== Records for the exercise
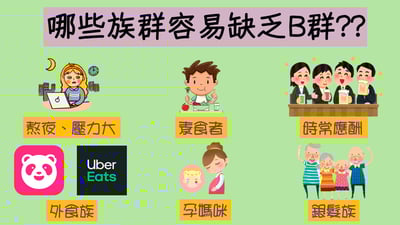 小島EX活力B群(60粒)3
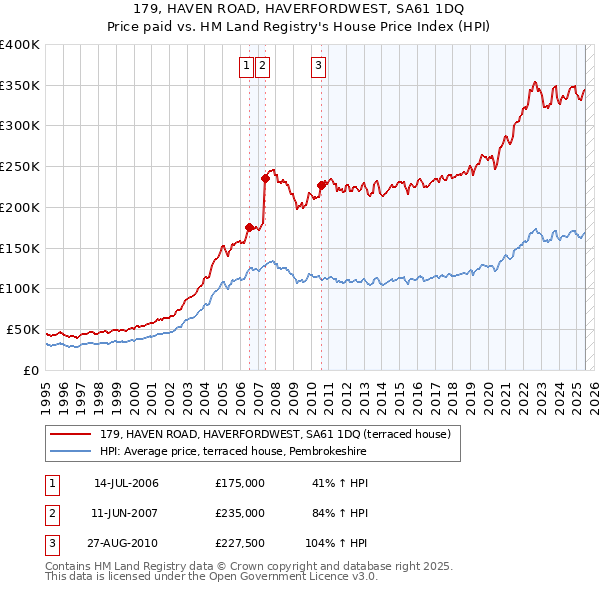 179, HAVEN ROAD, HAVERFORDWEST, SA61 1DQ: Price paid vs HM Land Registry's House Price Index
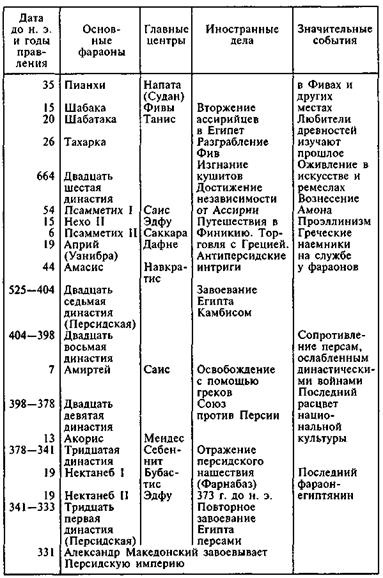 Иллюстрация к книге — Египтяне. Великие строители пирамид [image54.jpg]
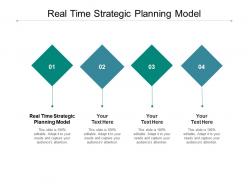 Real time strategic planning model ppt powerpoint presentation show cpb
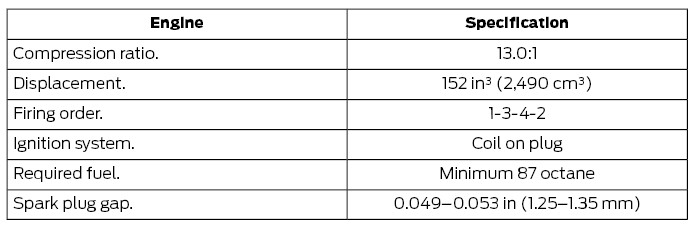 Ford Escape. Engine Specifications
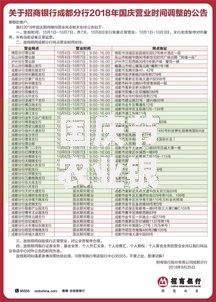 国庆节农业银行上班吗？节假日网点营业安排与业务办理指南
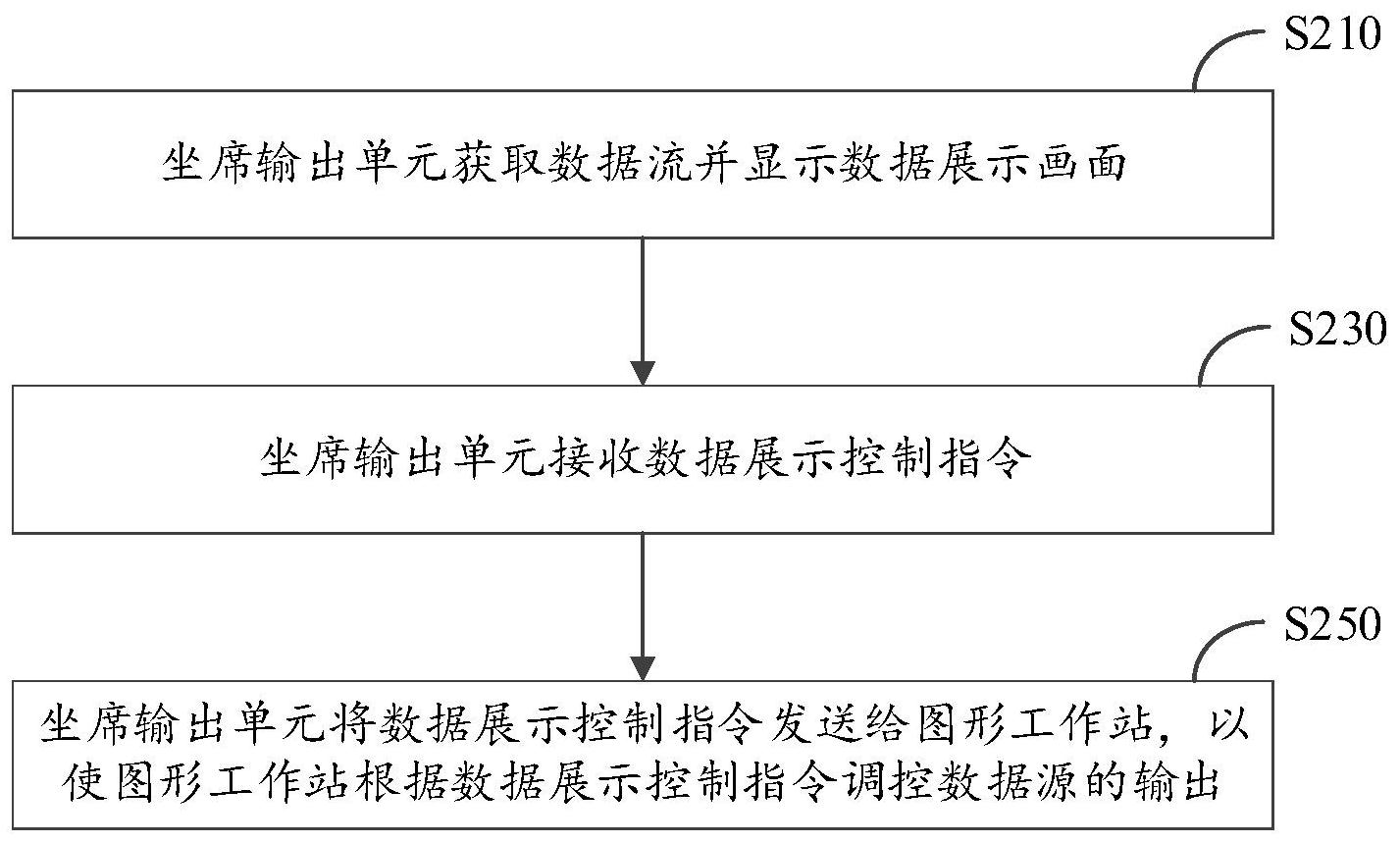 大华股份获得发明专利授权：“解码资源分配方法、计算机设备以及可读存储介质”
====
- [What you will do]:
None of the pictures should be carried over when the data above is transcribed exactly.

- [Response below]:
 小島EX活力B群(60粒)3
 179, HAVEN ROAD, HAVERFORDWEST, SA61 1DQ: Price paid vs HM Land Registry's House Price Index
 Иллюстрация к книге — Египтяне. Великие строители пирамид [image54.jpg]
 Real time strategic planning model ppt powerpoint presentation show cpb
 Ford Escape. Engine Specifications
 国庆节农业银行上班吗？节假日网点营业安排与业务办理指南
 大华股份获得发明专利授权：“解码资源分配方法、计算机设备以及可读存储介质”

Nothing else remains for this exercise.